Some of these depictions had good reason, but a new study suggested that the motives of Attila and his people were a matter of survival, instead of greed, Science Alert reported.

A research team reconstructed climate data from tree rings taken from the Czech Republic and Germany. They also studied the teeth of ancient human remains found in the Great Hungarian Plains to determine the diet of the period’s inhabitants.

Their findings showed a very complex picture: Between 420 and 450 CE, the area – including the whole Eurasian steppes – experienced a chaotic climate.
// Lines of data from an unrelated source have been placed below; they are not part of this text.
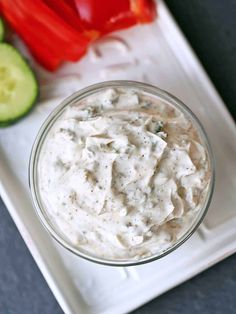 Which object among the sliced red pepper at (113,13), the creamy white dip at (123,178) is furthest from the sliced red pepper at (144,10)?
the creamy white dip at (123,178)

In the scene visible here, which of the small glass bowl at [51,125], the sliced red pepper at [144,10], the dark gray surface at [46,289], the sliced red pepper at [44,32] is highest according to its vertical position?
the sliced red pepper at [44,32]

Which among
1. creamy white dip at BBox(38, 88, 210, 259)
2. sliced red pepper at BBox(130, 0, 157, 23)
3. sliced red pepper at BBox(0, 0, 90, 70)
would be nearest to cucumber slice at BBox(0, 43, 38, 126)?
sliced red pepper at BBox(0, 0, 90, 70)

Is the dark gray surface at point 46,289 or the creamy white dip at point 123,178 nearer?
the creamy white dip at point 123,178

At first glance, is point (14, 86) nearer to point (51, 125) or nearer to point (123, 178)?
point (51, 125)

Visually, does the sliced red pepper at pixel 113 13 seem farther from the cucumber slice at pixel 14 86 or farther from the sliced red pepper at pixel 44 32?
the cucumber slice at pixel 14 86

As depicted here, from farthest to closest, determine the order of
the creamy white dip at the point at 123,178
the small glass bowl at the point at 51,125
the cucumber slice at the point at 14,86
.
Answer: the cucumber slice at the point at 14,86, the small glass bowl at the point at 51,125, the creamy white dip at the point at 123,178

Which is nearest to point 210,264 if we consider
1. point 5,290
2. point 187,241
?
point 187,241

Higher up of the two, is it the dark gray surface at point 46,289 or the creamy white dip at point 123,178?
the creamy white dip at point 123,178

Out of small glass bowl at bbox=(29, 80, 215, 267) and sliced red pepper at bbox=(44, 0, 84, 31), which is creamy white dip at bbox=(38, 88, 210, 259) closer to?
small glass bowl at bbox=(29, 80, 215, 267) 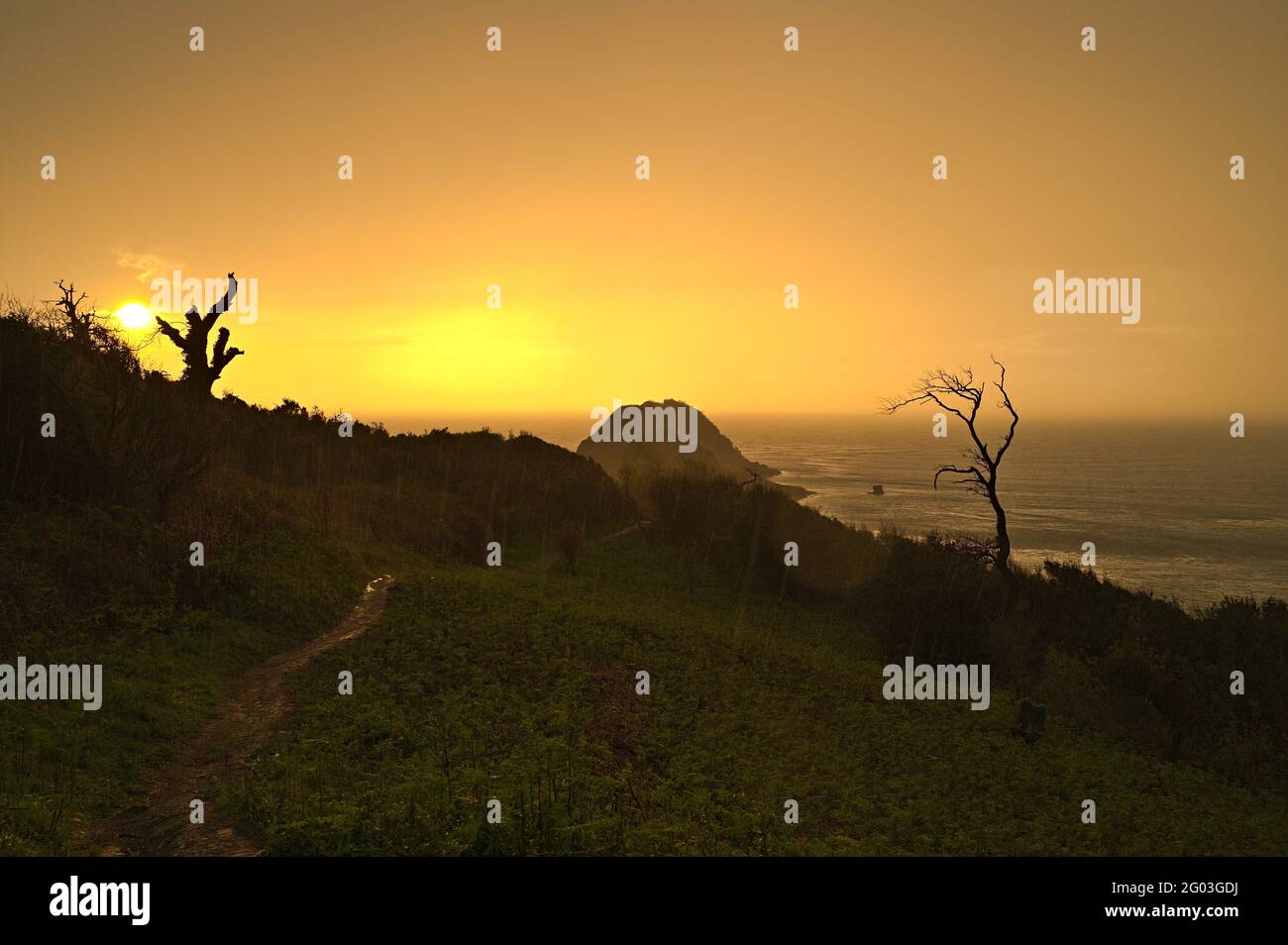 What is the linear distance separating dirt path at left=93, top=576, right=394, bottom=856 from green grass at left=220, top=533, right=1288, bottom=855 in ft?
1.42

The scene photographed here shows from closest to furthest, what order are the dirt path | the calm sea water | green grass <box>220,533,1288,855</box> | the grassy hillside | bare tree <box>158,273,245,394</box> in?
the dirt path < green grass <box>220,533,1288,855</box> < the grassy hillside < bare tree <box>158,273,245,394</box> < the calm sea water

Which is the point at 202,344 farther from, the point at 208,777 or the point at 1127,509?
the point at 1127,509

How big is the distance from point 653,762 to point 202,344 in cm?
3670

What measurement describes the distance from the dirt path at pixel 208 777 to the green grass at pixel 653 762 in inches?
17.0

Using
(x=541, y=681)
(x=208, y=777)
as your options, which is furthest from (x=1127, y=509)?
(x=208, y=777)

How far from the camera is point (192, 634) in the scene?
17109 mm

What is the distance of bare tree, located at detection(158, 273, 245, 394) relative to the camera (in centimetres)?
3791

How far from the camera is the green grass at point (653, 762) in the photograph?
1026 centimetres

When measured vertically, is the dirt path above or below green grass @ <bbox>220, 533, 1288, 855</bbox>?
above

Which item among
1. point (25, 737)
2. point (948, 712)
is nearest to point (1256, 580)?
point (948, 712)

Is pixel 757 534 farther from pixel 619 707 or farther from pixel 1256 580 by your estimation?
pixel 1256 580

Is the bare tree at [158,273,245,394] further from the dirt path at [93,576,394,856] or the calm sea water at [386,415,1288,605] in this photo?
the calm sea water at [386,415,1288,605]

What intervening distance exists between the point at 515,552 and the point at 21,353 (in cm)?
2269

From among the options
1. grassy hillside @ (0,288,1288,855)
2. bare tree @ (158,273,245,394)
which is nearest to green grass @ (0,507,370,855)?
grassy hillside @ (0,288,1288,855) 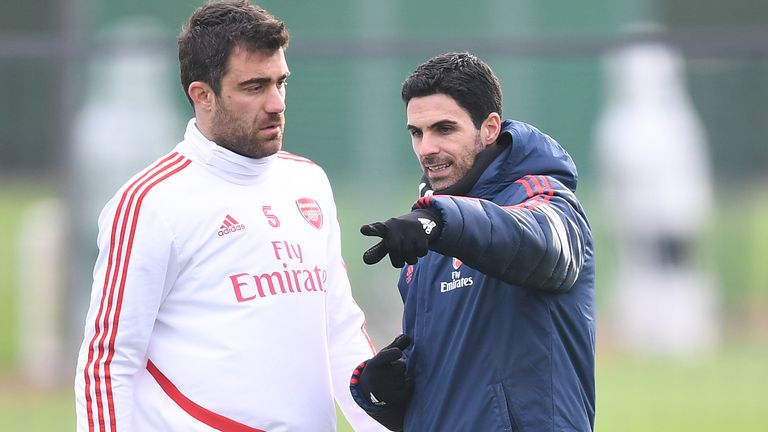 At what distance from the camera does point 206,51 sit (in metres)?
3.32

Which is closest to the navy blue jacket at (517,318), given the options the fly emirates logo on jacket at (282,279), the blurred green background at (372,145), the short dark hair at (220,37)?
the fly emirates logo on jacket at (282,279)

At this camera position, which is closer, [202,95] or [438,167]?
[438,167]

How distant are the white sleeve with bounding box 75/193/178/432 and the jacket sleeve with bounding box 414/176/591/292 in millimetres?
791

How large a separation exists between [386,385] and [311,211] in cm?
56

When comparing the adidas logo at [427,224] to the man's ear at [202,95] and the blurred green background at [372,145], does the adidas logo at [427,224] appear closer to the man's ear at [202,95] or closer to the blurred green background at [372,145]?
the man's ear at [202,95]

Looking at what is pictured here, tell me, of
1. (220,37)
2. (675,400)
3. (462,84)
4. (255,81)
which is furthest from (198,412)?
(675,400)

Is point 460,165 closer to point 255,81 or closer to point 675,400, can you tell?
point 255,81

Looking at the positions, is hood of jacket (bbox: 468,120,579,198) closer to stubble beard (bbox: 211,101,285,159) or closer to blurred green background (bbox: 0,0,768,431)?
stubble beard (bbox: 211,101,285,159)

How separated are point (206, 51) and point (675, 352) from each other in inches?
194

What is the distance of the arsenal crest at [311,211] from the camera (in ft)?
11.4

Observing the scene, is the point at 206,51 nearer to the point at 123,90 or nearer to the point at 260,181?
the point at 260,181

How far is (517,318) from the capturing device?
9.96ft

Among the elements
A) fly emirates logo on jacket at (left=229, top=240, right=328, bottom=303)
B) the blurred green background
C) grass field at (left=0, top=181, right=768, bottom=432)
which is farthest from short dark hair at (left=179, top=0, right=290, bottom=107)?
grass field at (left=0, top=181, right=768, bottom=432)

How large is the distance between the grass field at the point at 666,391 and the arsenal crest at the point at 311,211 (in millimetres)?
3436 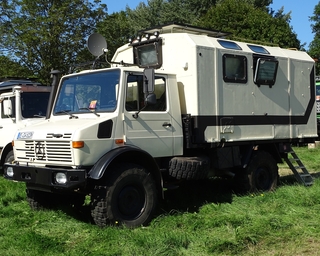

The Great Hungarian Plains were marked by a number of very dry summers that resulted in droughts and forced Huns to migrate to better pastures.

The teeth analysis also showed that the Huns fed on anything they could find because of scarcity, which might have triggered a shift in societal roles.

The team notes that Huns and Romans cohabited in a mutually beneficial relationship, but collaborations went downhill in the 440s CE.

Attila the Hun, who came to power in the 430s CE, is frequently blamed for sparking the worst of the fighting. Roman historians noted that the Hun commander launched raids, as well as demanded Roman gold and territory during his reign.

These demands included a strip of land from the empire along the Danube River – which the authors suggest could have been used as a great place for herding animals.

The team acknowledges that further archaeological evidence is needed to confirm this theory, but if proven it could show that the leader was mainly looking out for his people.